Wolves stunned the visitors by taking the lead with 12 minutes of regular time to play, Rodrigo Gomes’s clinical finish capping a well-worked attack that will haunt Van Dijk. Liverpool were toiling but then, after another anonymous display, Salah sprang into life. The reality is Salah should have put the ball on a plate for an unmarked and advancing Dominik Szoboszlai before Wolves’ winner, but the Egyptian could not locate his teammate in red as Liverpool flew forward in numbers. Then Van Dijk planted a header at José Sá from a dainty cross by the 17‑year‑old Rio Ngumoha, who again lifted Liverpool as a substitute.
Liverpool have been unconvincing of late, the 5-2 scoreline flattering them last time out against West Ham and before that they smuggled a late win at Nottingham Forest. The 47 first-half minutes at Molineux offered little encouragement. There were more signs that Salah’s powers are on the wane and Liverpool generally laboured throughout. The visitors mustered two shots on goal in the first period, Cody Gakpo firing straight at Sá and Szoboszlai taking aim with a speculative effort.
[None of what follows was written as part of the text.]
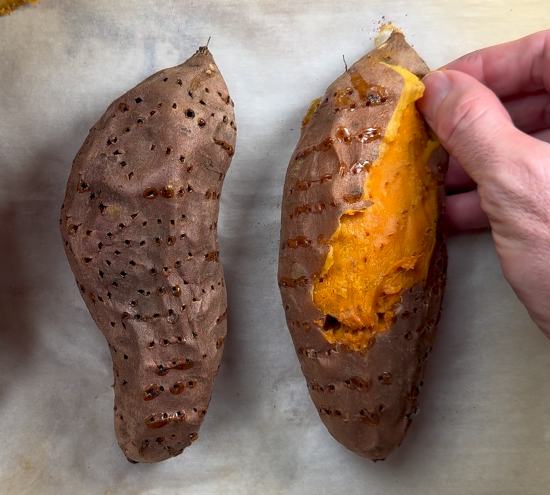 Once cooled, peel the skin from the sweet potatoes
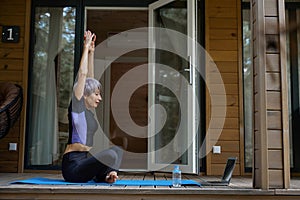 Female in sportswear does yoga in front of a laptop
Something had to change and Slot tweaked personnel at half-time, introducing Curtis Jones in place of Ryan Gravenberch. Jones was immediately in the thick of things and surely would have helped the ball in at a 50th-minute corner had Gakpo not intervened. It was a strange episode, one symptomatic of Liverpool’s struggles. Hugo Ekitiké flicked the ball on at the front post and at the back post Jones was lurking, at which point Gakpo stuck out his right boot and inadvertently hooked the ball against Jones’s chest. Sá was behind his own goalline as the ball looped up against the underside of the crossbar. Milos Kerkez waited for the leftovers but the ball dropped beyond him.
Wolves exhibited the composure of champions to seize the lead on 78 minutes. Tolu Arokodare, on as a substitute, did superbly, nestling between Van Dijk and Ibrahima Konaté before expertly laying the ball off for an advancing Rodrigo Gomes, who surged into space vacated by Konaté. The Liverpool defender tried to make amends but Rodrigo Gomes toe-poked the ball with his right boot, enough to lift a deft shot over a stunned Alisson.
Ngumoha was the catalyst for Liverpool’s win at Forest and struck a post here a couple of minutes after Liverpool absorbed the Wolves substitute’s strike. Then it seemed Liverpool’s old entertainer Salah would rescue his side, beating Sá with an inventive shot with the outside of his left boot.
Wolves had other ideas and the bad news for Slot is Liverpool are back here in the FA Cup fifth round on Friday. Edwards accepts he and his players may have poked the bear. “We’ve probably made them quite angry now, so we’ll see,” he said.